Il 17, 18 e 19 febbraio 2014, dopo l’intervista fatta un mese prima da Giuseppe Caruso al quotidiano La Repubblica, la Commissione Antimafia arrivò a Palermo. Probabilmente non erano piaciute al suo Presidente Rosy Bindi e a qualche altro parlamentare siciliano legato al PD le sue dichiarazioni che, secondo Sonia Alfano, parlamentare europeo, avevano messo in cattiva luce l’operato dei magistrati che si occupano di Antimafia. Anche L’ANM, la potente associazione dei magistrati, si schierò allora contro Caruso sostenendo che, invece di rilasciare dichiarazioni sull’operato dei magistrati delle misure di prevenzione, avrebbe dovuto rivolgersi ai magistrati stessi, i quali così avrebbero potuto e dovuto giudicare se stessi. Questo “fare muro” attorno ai magistrati palermitani, anche quelli che gestiscono e hanno gestito i loro uffici come una personale bottega, con scelte e preferenze opinabili, sin da allora finiva con l’avallare la cattiva gestione del settore, coperto da protezioni che stanno molto in alto. Qualche “illuminato” politico ripeté la solita boutade che viene fuori ogni volta che un magistrato finisce nei guai, ovvero che «parlare male dei magistrati significa fare un favore alla mafia». Caruso in quella occasione sostenne di non avere a disposizione né uomini, né mezzi, né strumenti legali per affrontare con successo l’intero argomento dei beni sequestrati e confiscati. Conclusione: Caruso è andato o è stato messo in pensione, la Bindi ha dichiarato  che «l’Agenzia ai beni confiscati dovrà subire alcuni interventi» e tutto finì lì.

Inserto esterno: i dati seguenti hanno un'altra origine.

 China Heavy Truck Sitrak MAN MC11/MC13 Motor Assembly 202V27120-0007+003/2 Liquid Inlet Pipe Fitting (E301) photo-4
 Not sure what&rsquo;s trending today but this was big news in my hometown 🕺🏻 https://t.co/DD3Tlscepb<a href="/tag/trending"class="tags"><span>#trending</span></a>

Le “criticità” espresse da Causo venivano riprese anche da Don Ciotti che il 15 settembre 2015, a Palermo, nel corso dell’inaugurazione dell’anno scolastico al Liceo Cassarà, oggetto di raid vandalici, diceva:

«Il prefetto Caruso ha denunciato un sistema che non funzionava, parcelle sproporzionate che finivano agli amministratori giudiziari e ritardi. È stato umiliato da tanti, ma è stato una persona perfetta, pulita e trasparente e con un grande naso da bravo poliziotto qual è».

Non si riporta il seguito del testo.